Modena, 4 giugno 2012 - Dalla crepa di una faida interna all’Istituto nazionale di geologia e vulcanologia filtrano documenti che lasciano di stucco. Il deposito di gas di Rivara, vicinissimo a San Felice sul Panaro (Modena), situato proprio in mezzo ai due epicentri dei terremoti devastanti del 20 e del 29 maggio, era stato giudicato realizzabile dall’Erg anche sulla base di una relazione del Dipartimento di scienze geologiche dell’Università di Catania. Il responsabile scientifico del dipartimento, nonché coordinatore dell’indagine commissionata dall’azienda energetica, era all’epoca il professor Stefano Gresta, attuale presidente dell’Ingv.

A pagina 17 del documento intitolato «Integrazione volontaria» si legge: «In assenza di pericolosità sismica associata alla faglia di Mirandola, il rischio sismico è quello calcolato in base alla sismicità storica del sito (quantificata nel 2010 dal Dsg dell’Università di Catania Prof. S. Gresta)». Il passaggio rassicurante è nella quartultima pagina del documento stilato da una équipe coordinata da Stefano Gresta. Le parole sono queste: «In conclusione, i risultati delle stime di pericolosità mediante simulazioni, basate su uno scenario sismico realistico (il terremoto di Parma e Reggio del 1996, magnitudo Mw=5,4) confermano il modesto grado di pericolosità sismica al sito specifico di Rivara».

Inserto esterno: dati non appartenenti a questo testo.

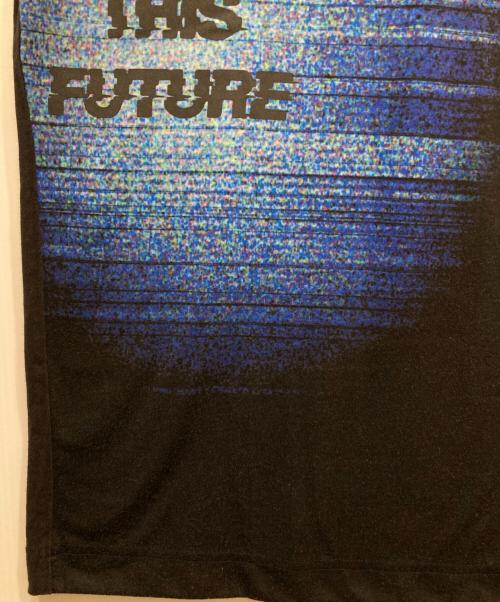 Y-3（ワイスリー）Y-3 (ワイスリー) Tシャツ ブラック サイズ:SIZE XSの古着・服飾アイテム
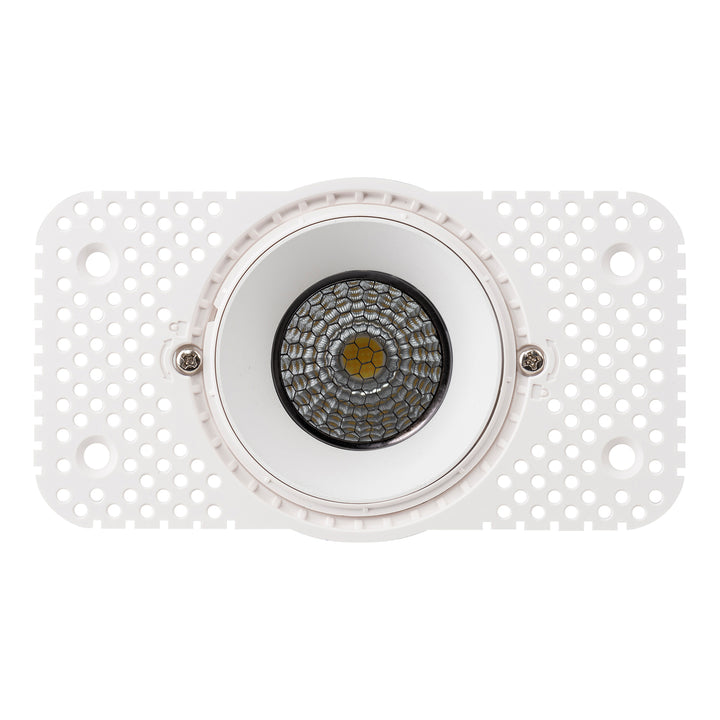 HCP-82322-HC - Honeycomb Lens to suit Trimless Downlight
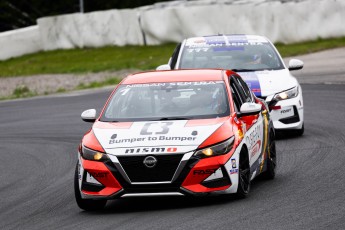 CTMP mai 2024 - Coupe Nissan Sentra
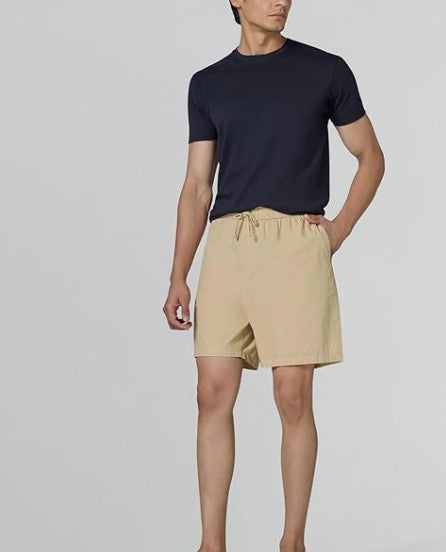 Zen Solid Shorts for Men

IL TERREMOTO cominciato il 20 maggio è stato una clamorosa impennata della cosidetta «serie storica» sulla quale si era basato il lavoro del team catanese. Una mail scritta da un alto funzionario dell’Ingv se la prende con le «perle» che ha trovato nella «caratterizzazione sismologica dell’aerea di Rivara». Definisce «medioevale» la «tecnica delle storie sismiche del sito». «Ideale», annota con ironia, in una zona nella quale si sospettano «terremoti rari, ma forti», mentre nel resto del mondo, spiega l’autore, sono basate anche su «dati geologici».

L’autore se la prende con le «castronerie» della relazione e con le «evoluzioni» per dimostrare «che in fondo quello è il posto più tranquillo del mondo», seguendo una «linea scientifica in qualche modo fortemente caldeggiata… dalla committenza». Per un assurdo paradosso, conclude, «siamo stati proprio noi (l’Ingv, ndr) i primi a parlare del potenziale sismogenetico di quella faglia».

Il deposito di gas di Rivara, importantissimo perché finirebbe per trovarsi sia a poca distanza dal gasdotto che arriva dall’Algeria sia da quello che porterà in Italia il gas russo, è stato al centro di un lungo e pesante contrasto di opinioni fra esperti. I geologi di un altro importante ateneo italiano si erano detti convinti dell’esistenza nel sottosuolo di «strutture potenzialmente attive» e avevano consigliato alla Erg di rivolgersi alla Schlumberger di Londra, una filiale della maggiore società mondiale di perforazioni specializzata anche in studi del sottosuolo. Il colosso della perforazione aveva concluso che, in teoria, il deposito di gas di Rivara è sicuro.